Assigned task | Print the data below exactly, but only the lines from the one containing "1976 - Kinder" down to the one containing "UFO Complete Plastic", inclusive.

Brief descriptive captions |
···

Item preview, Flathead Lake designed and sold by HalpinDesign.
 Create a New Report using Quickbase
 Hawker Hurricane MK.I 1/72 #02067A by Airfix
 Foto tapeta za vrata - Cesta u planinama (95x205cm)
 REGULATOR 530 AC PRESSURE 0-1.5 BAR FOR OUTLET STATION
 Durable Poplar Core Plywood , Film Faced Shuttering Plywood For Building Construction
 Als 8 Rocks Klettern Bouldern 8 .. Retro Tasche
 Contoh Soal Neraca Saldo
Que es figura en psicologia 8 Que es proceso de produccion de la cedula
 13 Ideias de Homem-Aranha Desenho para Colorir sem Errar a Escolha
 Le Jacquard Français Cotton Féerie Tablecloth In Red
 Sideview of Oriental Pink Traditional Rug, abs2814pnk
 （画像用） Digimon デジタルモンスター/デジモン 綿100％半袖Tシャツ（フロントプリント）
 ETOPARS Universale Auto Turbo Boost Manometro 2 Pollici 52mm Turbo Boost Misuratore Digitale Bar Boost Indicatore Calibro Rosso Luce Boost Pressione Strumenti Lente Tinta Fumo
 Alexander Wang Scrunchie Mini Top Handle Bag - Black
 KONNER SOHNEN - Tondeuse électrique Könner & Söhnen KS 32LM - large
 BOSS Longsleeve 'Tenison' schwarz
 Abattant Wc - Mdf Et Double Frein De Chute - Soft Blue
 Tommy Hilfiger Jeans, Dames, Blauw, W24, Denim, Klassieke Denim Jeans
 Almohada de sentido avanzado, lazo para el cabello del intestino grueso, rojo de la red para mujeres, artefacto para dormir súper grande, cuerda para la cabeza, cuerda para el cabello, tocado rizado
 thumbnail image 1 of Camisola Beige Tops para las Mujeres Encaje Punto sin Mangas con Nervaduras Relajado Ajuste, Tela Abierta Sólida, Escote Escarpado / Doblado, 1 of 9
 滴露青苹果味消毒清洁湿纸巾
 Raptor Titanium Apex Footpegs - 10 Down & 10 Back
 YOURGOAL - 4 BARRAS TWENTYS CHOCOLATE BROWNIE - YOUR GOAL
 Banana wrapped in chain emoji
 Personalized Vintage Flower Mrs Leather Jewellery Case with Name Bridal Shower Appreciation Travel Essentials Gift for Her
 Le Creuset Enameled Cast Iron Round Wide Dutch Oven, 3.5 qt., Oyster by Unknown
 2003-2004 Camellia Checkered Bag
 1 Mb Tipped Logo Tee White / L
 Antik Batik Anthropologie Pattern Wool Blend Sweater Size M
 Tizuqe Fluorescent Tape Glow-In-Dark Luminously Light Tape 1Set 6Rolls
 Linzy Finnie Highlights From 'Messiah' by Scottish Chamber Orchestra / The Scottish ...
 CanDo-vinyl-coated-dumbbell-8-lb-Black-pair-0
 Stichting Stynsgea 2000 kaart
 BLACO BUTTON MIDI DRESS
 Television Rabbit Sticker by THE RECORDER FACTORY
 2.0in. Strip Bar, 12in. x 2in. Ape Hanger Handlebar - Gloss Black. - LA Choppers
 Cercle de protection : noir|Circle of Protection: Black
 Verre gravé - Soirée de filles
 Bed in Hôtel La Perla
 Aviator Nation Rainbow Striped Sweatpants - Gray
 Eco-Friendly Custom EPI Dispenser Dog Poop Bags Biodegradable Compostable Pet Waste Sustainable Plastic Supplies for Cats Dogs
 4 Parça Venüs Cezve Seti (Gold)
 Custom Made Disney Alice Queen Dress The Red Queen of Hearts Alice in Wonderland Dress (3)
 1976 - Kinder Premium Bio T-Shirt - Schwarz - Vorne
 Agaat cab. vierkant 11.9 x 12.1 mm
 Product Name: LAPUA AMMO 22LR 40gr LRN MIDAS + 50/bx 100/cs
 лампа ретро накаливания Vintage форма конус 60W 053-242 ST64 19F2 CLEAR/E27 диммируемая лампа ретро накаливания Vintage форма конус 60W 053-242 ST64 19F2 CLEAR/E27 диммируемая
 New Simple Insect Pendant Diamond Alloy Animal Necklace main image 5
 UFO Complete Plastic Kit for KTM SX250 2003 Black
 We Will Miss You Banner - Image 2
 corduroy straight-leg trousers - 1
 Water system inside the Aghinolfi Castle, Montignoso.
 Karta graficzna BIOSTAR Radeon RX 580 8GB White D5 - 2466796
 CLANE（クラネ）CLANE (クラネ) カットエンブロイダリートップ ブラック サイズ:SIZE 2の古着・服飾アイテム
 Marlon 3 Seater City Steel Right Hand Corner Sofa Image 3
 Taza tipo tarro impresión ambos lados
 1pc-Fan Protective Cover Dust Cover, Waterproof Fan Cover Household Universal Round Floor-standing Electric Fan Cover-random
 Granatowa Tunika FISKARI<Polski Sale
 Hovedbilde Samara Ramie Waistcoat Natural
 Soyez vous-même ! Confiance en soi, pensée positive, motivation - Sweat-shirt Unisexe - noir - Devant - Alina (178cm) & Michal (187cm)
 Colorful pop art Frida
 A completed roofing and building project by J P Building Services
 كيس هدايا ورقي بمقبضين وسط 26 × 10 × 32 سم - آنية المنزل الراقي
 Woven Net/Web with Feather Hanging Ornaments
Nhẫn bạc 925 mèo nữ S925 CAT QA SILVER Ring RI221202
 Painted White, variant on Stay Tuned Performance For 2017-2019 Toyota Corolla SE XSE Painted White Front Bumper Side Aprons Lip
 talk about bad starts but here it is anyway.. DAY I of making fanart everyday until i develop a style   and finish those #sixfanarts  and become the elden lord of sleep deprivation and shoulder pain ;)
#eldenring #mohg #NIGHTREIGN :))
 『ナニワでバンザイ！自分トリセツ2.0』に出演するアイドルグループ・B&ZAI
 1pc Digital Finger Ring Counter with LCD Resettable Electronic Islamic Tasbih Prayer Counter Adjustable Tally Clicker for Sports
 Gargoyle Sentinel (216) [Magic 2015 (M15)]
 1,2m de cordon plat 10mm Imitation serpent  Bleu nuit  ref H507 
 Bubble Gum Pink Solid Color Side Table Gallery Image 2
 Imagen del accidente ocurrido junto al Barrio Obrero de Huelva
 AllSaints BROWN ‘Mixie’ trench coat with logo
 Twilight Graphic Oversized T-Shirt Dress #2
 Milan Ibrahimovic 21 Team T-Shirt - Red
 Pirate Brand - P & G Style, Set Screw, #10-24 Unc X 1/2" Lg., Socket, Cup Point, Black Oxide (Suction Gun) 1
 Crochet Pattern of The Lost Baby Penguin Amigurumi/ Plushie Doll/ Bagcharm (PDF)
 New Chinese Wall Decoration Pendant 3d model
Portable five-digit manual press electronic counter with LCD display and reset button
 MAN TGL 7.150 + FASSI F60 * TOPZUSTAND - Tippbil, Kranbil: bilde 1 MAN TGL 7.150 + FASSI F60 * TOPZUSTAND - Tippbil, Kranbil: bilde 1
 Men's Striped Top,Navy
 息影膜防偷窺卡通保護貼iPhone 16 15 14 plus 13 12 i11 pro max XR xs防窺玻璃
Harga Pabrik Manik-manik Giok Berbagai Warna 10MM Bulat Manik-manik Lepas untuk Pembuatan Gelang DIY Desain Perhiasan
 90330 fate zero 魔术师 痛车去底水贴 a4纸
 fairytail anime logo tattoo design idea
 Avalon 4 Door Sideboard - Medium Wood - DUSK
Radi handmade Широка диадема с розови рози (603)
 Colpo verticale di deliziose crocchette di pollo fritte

···

Reply |
 1976 - Kinder Premium Bio T-Shirt - Schwarz - Vorne
 Agaat cab. vierkant 11.9 x 12.1 mm
 Product Name: LAPUA AMMO 22LR 40gr LRN MIDAS + 50/bx 100/cs
 лампа ретро накаливания Vintage форма конус 60W 053-242 ST64 19F2 CLEAR/E27 диммируемая лампа ретро накаливания Vintage форма конус 60W 053-242 ST64 19F2 CLEAR/E27 диммируемая
 New Simple Insect Pendant Diamond Alloy Animal Necklace main image 5
 UFO Complete Plastic Kit for KTM SX250 2003 Black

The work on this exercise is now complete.